Amash reinforces remarks on Trump, saying impeachment justified

Melissa Nann Burke
The Detroit News
U.S. Rep. Justin Amash, R-Cascade Township

Washington — U.S. Rep. Justin Amash didn't back off his remarks about President Donald Trump on Monday, doubling down on his argument that the president's impeachment is justified. 

In a series of tweets, the Republican congressman and Trump critic from West Michigan detailed Monday why he thinks the case can be made for impeaching Trump for obstruction of justice.

"People who say there were no underlying crimes and therefore the president could not have intended to illegally obstruct the investigation — and therefore cannot be impeached — are resting their argument on several falsehoods," Amash wrote. 

He went on to offer rebuttals to various defenses of Trump's behavior as described in special counsel Robert Mueller's report. 

Amash, who is serving his fifth term, declared Saturday that he believes Trump's conduct has met the "threshold of impeachment," becoming the first GOP lawmaker in Congress to break with Trump over the findings of special counsel Robert Mueller's Russia investigation. 

His remarks over the weekend prompted an angry response from Trump, who called Amash a "loser" on Twitter and said he never liked him anyway. 

Amash's remarks prompted state Rep. Jim Lower, R-Greenville, to announce early his plan to challenge Amash in the GOP primary in 2020. Republican Tom Norton is also running in the primary.

"Congressman Justin Amash tweets yesterday calling for President Trump’s impeachment show how out of touch he is with the truth and how out of touch he is with people he represents," Lower said in a statement. 

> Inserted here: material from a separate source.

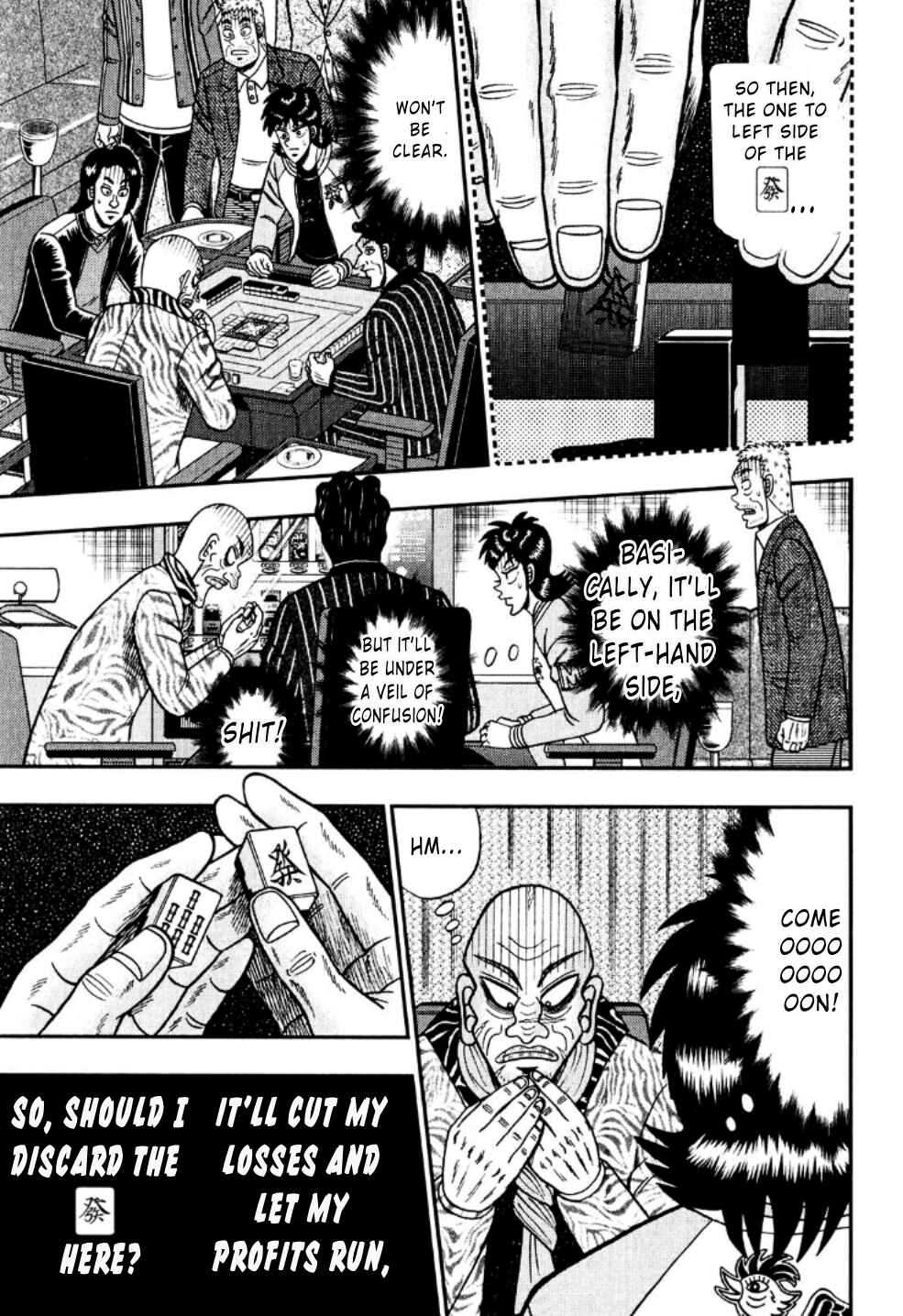 Page 5 Chapter 21 Shadow Mahjong Fighter Mamiya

The question for some observers is what Amash might do next — for instance, introducing or co-sponsoring impeachment-related legislation, or even running for president on the Libertarian ticket

"Every member of Congress has certain powers and certain responsibilities, and he’s made a determination — certainly different than my determination after looking at the evidence and weighing what is going on," U.S. Rep. Bill Huizenga, R-Zeeland, told "Michigan's Big Show" Monday on 1240 WJIM. 

"The question I’ve got is, is he going to do anything about it then? But that is something he’s going to have to wrestle with. ... I just wish people would be more focused on the policy than worrying about getting into national media."

Amash declined an interview request through a staffer and had not granted other media requests as of Monday afternoon, allowing the tweets to speak for themselves. 

Amash on Monday pushed back on the contention that an underlying crime is necessary to impeach Trump for obstruction of justice. 

"In fact, obstruction of justice does not require the prosecution of an underlying crime, and there is a logical reason for that. Prosecutors might not charge a crime precisely *because* obstruction of justice denied them timely access to evidence that could lead to a prosecution," he wrote. 

Some "imply the president should be permitted to use any means to end what he claims to be a frivolous investigation, no matter how unreasonable his claim," Amash continued. 

"In fact, the president could not have known whether every single person Mueller investigated did or did not commit any crimes."

The libertarian lawmaker also disputed the implication that the threshold of "high crimes and misdemeanors" requires actual criminal charges.

"In fact, 'high Crimes and Misdemeanors' is not defined in the Constitution and does not require corresponding statutory charges. The context implies conduct that violates the public trust — and that view is echoed by the Framers of the Constitution and early American scholars," Amash concluded.

Mueller in his report said the Trump campaign did not conspire with Russia; however, on obstruction, Mueller neither implicated nor exonerated Trump, leaving the matter up to Congress.